Às 10:00 em ponto rompe a marcha o Batalhão Colegial, com o seu Estandarte Nacional à frente (como que a guiá-lo).1
Estamos a falar da manifestação pública das comemorações dos 220 anos da fundação do Colégio Militar (CM), em1803, uma das instituições públicas portuguesas mais antigas, ainda existente e um notável estabelecimento militar de ensino, tutelado pelo Exército Português. 2
O Colégio Militar absorveu as alunas do prestigiado Instituto de Odivelas que para lá se quiseram transferir quando uma mais do que infeliz decisão governamental (mais uma!) encerrou tão vetusta escola, em 2015, que foi fundada em 14 de Janeiro de 1900, pelo Infante D. Afonso, Duque do Porto.3
De facto, as comemorações do aniversário do CM ocorrem, por norma, no domingo mais próximo ao dia 3 de Março, que é o dia da sua fundação, pelo saudoso Marechal Teixeira Rebelo, ao tempo Tenente-coronel.

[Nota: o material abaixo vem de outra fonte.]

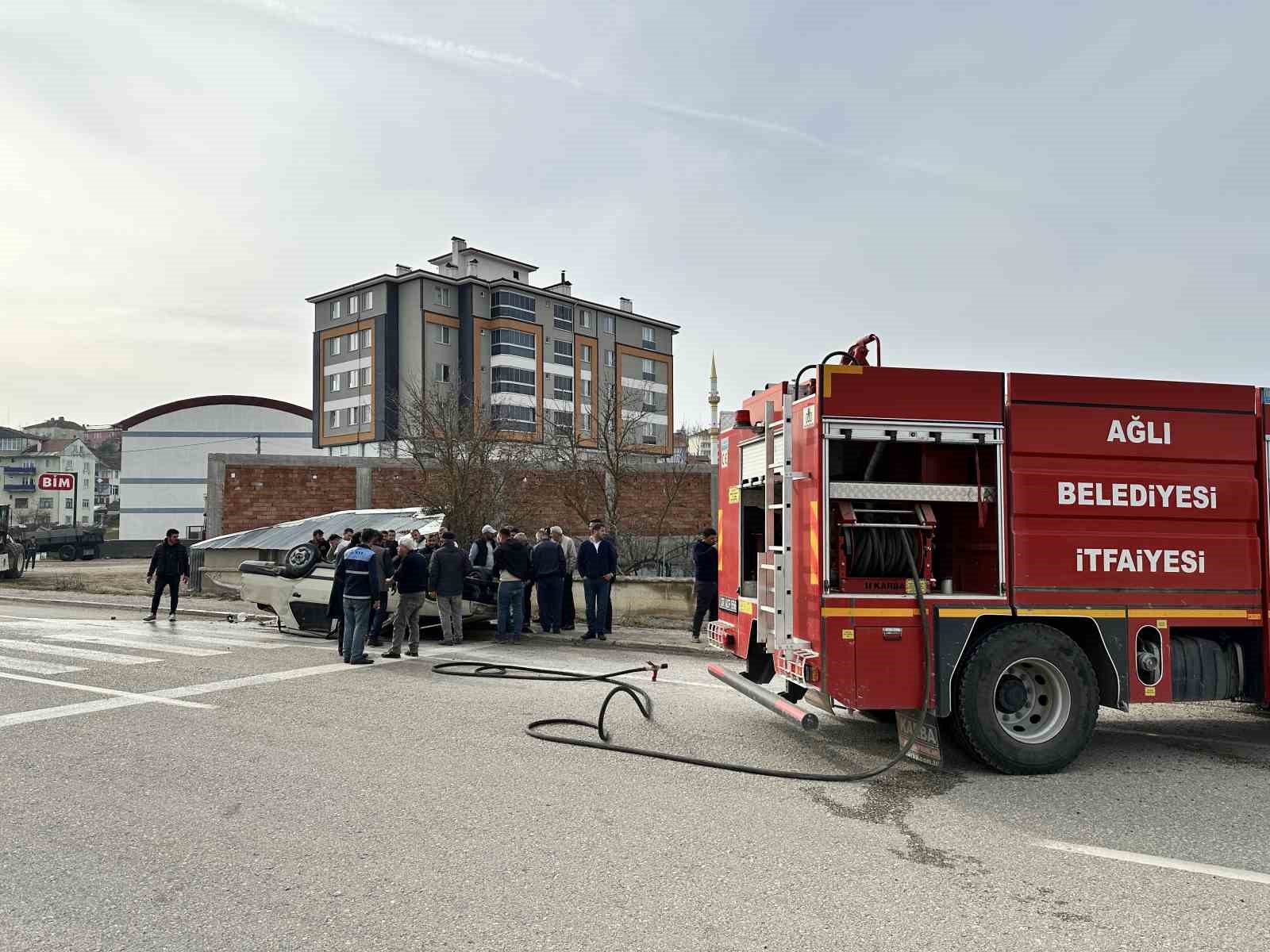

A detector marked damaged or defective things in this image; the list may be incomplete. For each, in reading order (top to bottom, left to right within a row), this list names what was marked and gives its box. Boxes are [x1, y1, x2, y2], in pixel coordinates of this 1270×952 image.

overturned white car [198, 510, 495, 637]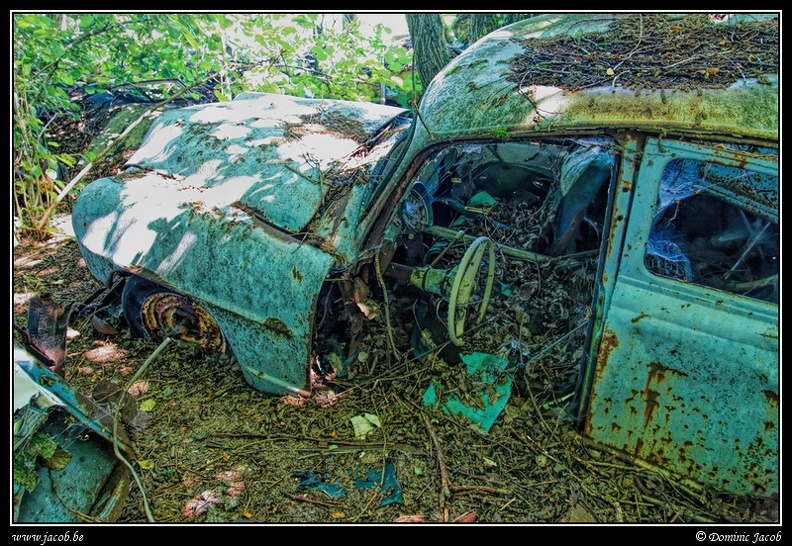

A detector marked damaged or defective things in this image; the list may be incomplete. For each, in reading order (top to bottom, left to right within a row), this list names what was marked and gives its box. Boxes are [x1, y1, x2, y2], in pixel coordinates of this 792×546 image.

rust spot [264, 314, 292, 336]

Para além de várias cerimónias internas que ocupam todo o fim-de-semana, faz parte o desfile do Batalhão Colegial, incluindo a escolta a cavalo, Avenida da Liberdade abaixo – com ponto de continência em frente ao Monumento aos Mortos da Grande Guerra – Restauradores, com destroçar no Largo de S. Domingos, após circundar o Rossio.
Segue-se um intervalo que é aproveitado para convívio e confraternização entre familiares e ex-alunos, junto às típicas “Ginjinha” e “Eduardinho”, e que sempre aparecem em grande número e acompanham o desfile com imensa alegria, saudades “do seu tempo”, saudando e incentivando os elementos das quatro Companhias e Escolta, a que o Exército empresta uma banda de música (e a GNR, os cavalos), e soltando ainda o grito de “Zacatraz” que é o grito do Colégio.4
Após o que se segue, pelas 11:30, uma missa tradicional portuguesa, na Igreja de S. Domingos, com idiossincrasia própria, e bem concebida, baseada na tradição colegial. Está sempre a abarrotar e não cabem lá todos.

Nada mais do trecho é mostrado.